EXERCISE DESCRIPTION -> The lines needed are those from the start of the records through the line holding "2003 Mercedes-Benz SL500", each copied exactly.

[Collected data]
........

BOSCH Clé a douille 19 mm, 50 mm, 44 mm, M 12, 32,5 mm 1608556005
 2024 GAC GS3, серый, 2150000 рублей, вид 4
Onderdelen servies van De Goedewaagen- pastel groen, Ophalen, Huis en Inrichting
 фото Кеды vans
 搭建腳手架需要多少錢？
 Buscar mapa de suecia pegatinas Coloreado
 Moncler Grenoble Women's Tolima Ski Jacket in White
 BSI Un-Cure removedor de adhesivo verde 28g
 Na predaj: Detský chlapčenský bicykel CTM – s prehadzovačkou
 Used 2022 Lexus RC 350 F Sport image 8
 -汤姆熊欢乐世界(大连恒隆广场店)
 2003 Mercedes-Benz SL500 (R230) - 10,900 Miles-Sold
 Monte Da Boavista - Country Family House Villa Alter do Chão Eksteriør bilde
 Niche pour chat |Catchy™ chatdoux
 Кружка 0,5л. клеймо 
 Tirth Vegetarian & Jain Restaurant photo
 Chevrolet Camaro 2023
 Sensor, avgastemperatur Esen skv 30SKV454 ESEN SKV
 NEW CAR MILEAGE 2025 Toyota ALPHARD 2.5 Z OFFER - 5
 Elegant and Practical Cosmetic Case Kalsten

........

COMPLETED TASK ->
BOSCH Clé a douille 19 mm, 50 mm, 44 mm, M 12, 32,5 mm 1608556005
 2024 GAC GS3, серый, 2150000 рублей, вид 4
Onderdelen servies van De Goedewaagen- pastel groen, Ophalen, Huis en Inrichting
 фото Кеды vans
 搭建腳手架需要多少錢？
 Buscar mapa de suecia pegatinas Coloreado
 Moncler Grenoble Women's Tolima Ski Jacket in White
 BSI Un-Cure removedor de adhesivo verde 28g
 Na predaj: Detský chlapčenský bicykel CTM – s prehadzovačkou
 Used 2022 Lexus RC 350 F Sport image 8
 -汤姆熊欢乐世界(大连恒隆广场店)
 2003 Mercedes-Benz SL500 (R230) - 10,900 Miles-Sold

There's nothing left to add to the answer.